REPORT FROM COUNSEL

FALL 2005 ISSUE


BUSINESSES BEWARE: SENDING UNSOLICITED FAX ADVERTISEMENTS COULD BE COSTLY

By Jeffrey L. Rehmeyer, II and Candie L. Myers

Beginning on January 9, 2006, the Federal Communications Commission (FCC) will begin enforcing regulations, which make it unlawful to send an unsolicited advertisement to a facsimile machine without the prior written permission of the recipient. The current FCC standard permits businesses to send unsolicited faxes to clients or customers with whom the advertiser has an existing business relationship. However, the new regulations require advertisers to obtain prior written permission from both new and existing customers/clients. The sender of the fax must be clearly identified in either the top or bottom margin of each page or on the first page of the fax. Also, the sender's telephone number and the date and time the fax is sent must be included.

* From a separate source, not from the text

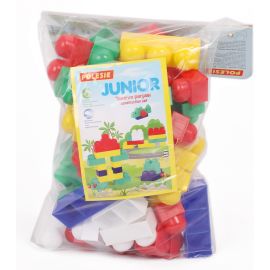 Polesie - Construction set Junior - 51 pcs  (bag)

The penalties for sending unsolicited fax advertisements are severe. Through a private suit in state court, recipients of unlawful faxes can recover the actual monetary loss that resulted from the violation or up to $500 in damages for each violation, whichever is greater. State Courts also reserve the right to triple the damages for offenders who willingly or knowingly committed the violation. Additional remedies for disgruntled recipients include filing a complaint with the FCC, which has the authority to issue citations and fines against businesses for violations and suspected violations of the prohibition against unsolicited faxes. Individuals, however, will need to provide documentation of the unsolicited fax such as copies of the fax received. Complaints regarding unsolicited faxes can also be filed with a local consumer protection office or the Pennsylvania Attorney General's Office.

Although the FCC has delayed implementing the new regulations until January of 2006, it is imperative that businesses act now to avoid future violations. Simple steps such as faxing existing and prospective customers/clients consent forms now and modifying data collection procedures to obtain written consent at the time fax numbers are acquired will reduce the burden of implementing the changes once the new FCC regulations are in effect.

CGA has an extensive business/corporate law department and is committed to ensuring that our business and corporate clients remain well informed of and in compliance with new regulations. In the interest of doing so, we have created a complimentary facsimile form in compliance with FCC regulations. You can request a copy of the facsimile consent form via e-mail or phone by contacting Rick Hansberry at rhansberry@cgalaw.com or (717) 848-4900 extension 111. If you have any questions concerning the new FCC regulations, please contact Attorney Jeffrey Rehmeyer at (717) 848-4900 extension 115.

CAREFUL! NEW RULE AFFECTS THE DISPOSAL OF CONSUMER CREDIT INFORMATION

In the Fair and Accurate Credit Transactions Act of 2003 (FACTA), Congress required the adoption of rules for the proper disposal of consumer report information and records. The legislation was prompted by the growing risk of consumer fraud and related problems, including identity theft, that arise from the improper disposal of consumer information for which there is no longer a business need or purpose. FACTA and the rule stemming from it are meant to make it tougher for dumpster divers and miners of computer data to profit from sloppy disposal methods.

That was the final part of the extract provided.